R-sig-Geo mailing list

[hidden email]

https://stat.ethz.ch/mailman/listinfo/r-sig-geo

### Re: How to find all first order neighbors of a collection of points

On Fri, 13 Jul 2018, Benjamin Lieberman wrote:

> All-

>

> I would like to note that as the data is proprietary, and for obvious

> privacy concerns, the lat/long pairs were randomly generated, and were

> not taken directly from the data.

Thanks for the clarification. Note that if the data are a sample, that is

not a complete listing for one or more study areas, you don't know who the

first order neighbour (the most proximate other voter) is, because that

indidivual may not be in the sample. Your fallback then is to treat the

data as aggregates, unless you rule out local sampling variability.

Roger

>

>

> --

> Benjamin Lieberman

> Muhlenberg College 2019

> Mobile: 301.299.8928

>

>> On Jul 13, 2018, at 6:58 AM, Benjamin Lieberman <[hidden email]> wrote:

>>

>> Roger anf Facu,

>>

>> Thank you very much for the help. In terms of the data, I only provided the ID and Lat/Long pairs because they were the only covariates which were necessary. The data set we are using was purchased and contains voter registration information, voter history, and census tract information, after some geocoding took place. The locations are the residents houses, in this instance.

>>

>> I have rerun the knn with longlat = T, but I am still hung up on the idea of the first order neighbors. I have reread the vignette and section 5 discusses High-Order Neighbors, but there isn’t any mention of first or second order neighbors, as you mentioned above (“first order neighbors are not defined”). One of the pieces of literature I found said that polygons are problematic to work with, as are tesslations for precisely the reason you mentioned, non-planarity. For this reason, I am hung up on the idea of how to find all first order neighbors for a point, especially as the number of first order neighbors varies from point to point, and such knearneigh would not be appropriate here.

>>

>> If this is something that does not seem feasible, maybe another tactic is necessary.

>>

>> Again, thank you all for the help.

>>

>> Warmest

>> --

>> Benjamin Lieberman

>> Muhlenberg College 2019

>> Mobile: 301.299.8928

>>

>>> On Jul 13, 2018, at 6:11 AM, Roger Bivand <[hidden email] <mailto:[hidden email]>> wrote:

>>>

>>> On Fri, 13 Jul 2018, Facundo Muñoz wrote:

>>>

>>>> Dear Benjamin,

>>>>

>>>> I'm not sure how you define "first order neighbors" for a point. The

>>>> first thing that comes to my mind is to use their corresponding voronoi

>>>> polygons and define neighborhood from there. Following your code:

>>>

>>> Thanks, the main source of confusion is that "first order neighbors" are not defined. A k=1 neighbour could be (as below), as could k=6, or voronoi neighbours, or sphere of influence etc. So reading vignette("nb") would be a starting point.

>>>

>>> Also note that voronoi and other graph-based neighbours should only use planar coordinates - including dismo::voronoi, which uses deldir::deldir() - just like spdep::tri2nb(). Triangulation can lead to spurious neighbours on the convex hull.

>>>

>>>>

>>>> v <- dismo::voronoi(coords)

>>>> par(mfrow = c(1, 2), xaxt = "n", yaxt = "n", mgp = c(0, 0, 0))
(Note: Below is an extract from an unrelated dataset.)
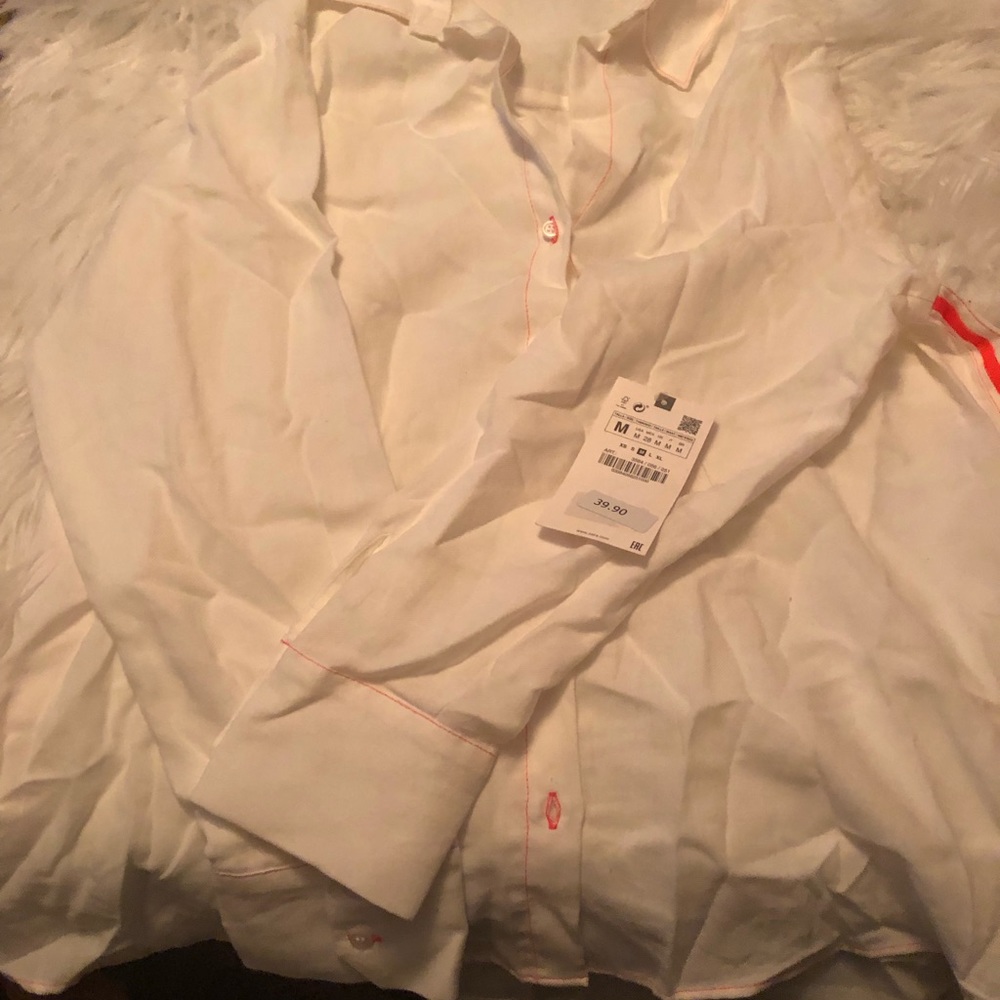 Medium off white collar shirt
>>>> plot(coords, type = "n", xlab = NA, ylab = NA)

>>>> plot(v, add = TRUE)

>>>> text(x = coords[, 1], y = coords[, 2], labels = voter.subset$Voter.ID)

>>>> plot(coords, type = "n", xlab = NA, ylab = NA)

>>>> plot(poly2nb(v), coords, add = TRUE, col = "gray")

>>>>

>>>> ƒacu.-

>>>>

>>>>

>>>> On 07/12/2018 09:00 PM, Benjamin Lieberman wrote:

>>>>> Hi all,

>>>>>

>>>>> Currently, I am working with U.S. voter data. Below, I included a brief example of the structure of the data with some reproducible code. My data set consists of roughly 233,000 (233k) entries, each specifying a voter and their particular latitude/longitude pair.

>>>

>>> Using individual voter data is highly dangerous, and must in every case be subject to the strictest privacy rules. Voter data does not in essence have position - the only valid voting data that has position is of the voting station/precinct, and those data are aggregated to preserve anonymity.

>>>

>>> Why does position and voter data not have position? Which location should you use - residence, workplace, what? What are these locations proxying? Nothing valid can be drawn from "just voter data" - you can get conclusions from carefully constructed stratified exit polls, but there the key gender/age/ethnicity/social class/etc. confounders are handled by design. Why should voting decisions be influenced by proximity (they are not)? The missing element here is looking carefully at relevant covariates at more aggregated levels (in the US typically zoning controlling social class positional segregation, etc.).

>>>

>>>>> I have been using the spdep package with the hope of creating a CAR model. To begin the analysis, we need to find all first order neighbors of every point in the data.

>>>>>

>>>>> While spdep has fantastic commands for finding k nearest neighbors (knearneigh), and a useful command for finding lag of order 3 or more (nblag), I have yet to find a method which is suitable for our purposes (lag = 1, or lag =2). Additionally, I looked into altering the nblag command to accommodate maxlag = 1 or maxlag = 2, but the command relies on an nb format, which is problematic as we are looking for the underlying neighborhood structure.

>>>>>

>>>>> There has been numerous work done with polygons, or data which already is in “nb” format, but after reading the literature, it seems that polygons are not appropriate, nor are distance based neighbor techniques, due to density fluctuations over the area of interest.

>>>>>

>>>>> Below is some reproducible code I wrote. I would like to note that I am currently working in R 1.1.453 on a MacBook.

>>>

>>> You mean RStudio, there is no such version of R.

>>>

>>>>>

>>>>> # Create a data frame of 10 voters, picked at random

>>>>> voter.1 = c(1, -75.52187, 40.62320)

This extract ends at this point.